• Task
Exercise in exact copying: restate word for word only the lines below from the one containing "stefanyharper16 online show" through the one containing "Los trabajos de", omitting any pictures.
=== Source material ===
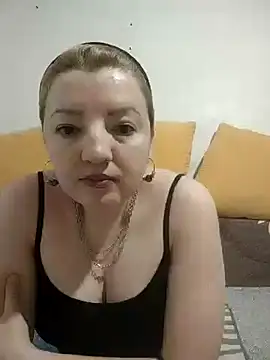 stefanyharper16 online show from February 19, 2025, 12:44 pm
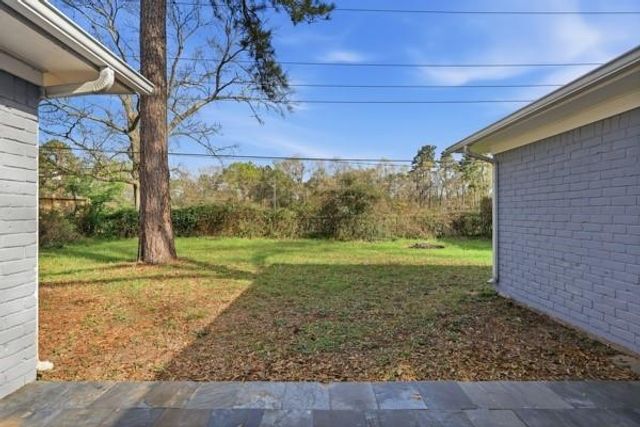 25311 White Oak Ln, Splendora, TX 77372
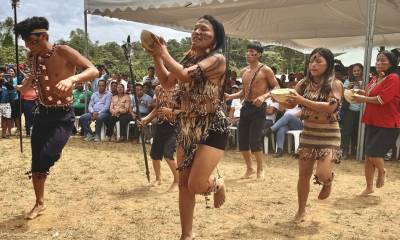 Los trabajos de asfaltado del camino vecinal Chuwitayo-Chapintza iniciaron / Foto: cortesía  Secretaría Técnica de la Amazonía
===
=== Source material ===
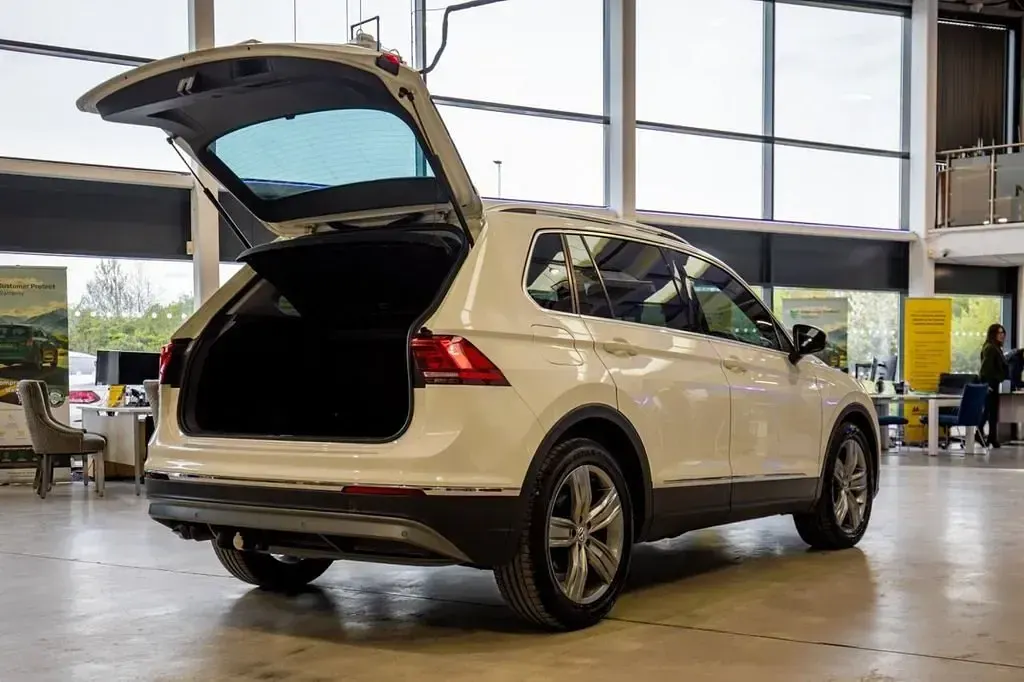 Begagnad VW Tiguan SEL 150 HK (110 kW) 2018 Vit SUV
===
=== Source material ===
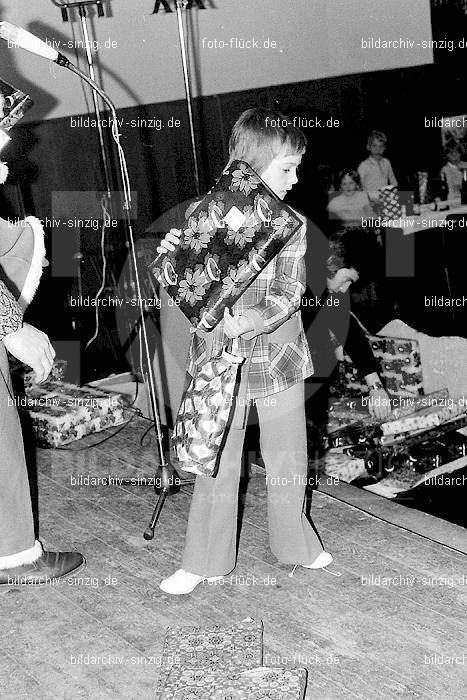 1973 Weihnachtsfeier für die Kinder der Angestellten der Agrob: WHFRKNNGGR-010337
===
• Solution to this exercise
 stefanyharper16 online show from February 19, 2025, 12:44 pm
 25311 White Oak Ln, Splendora, TX 77372
 Los trabajos de asfaltado del camino vecinal Chuwitayo-Chapintza iniciaron / Foto: cortesía  Secretaría Técnica de la Amazonía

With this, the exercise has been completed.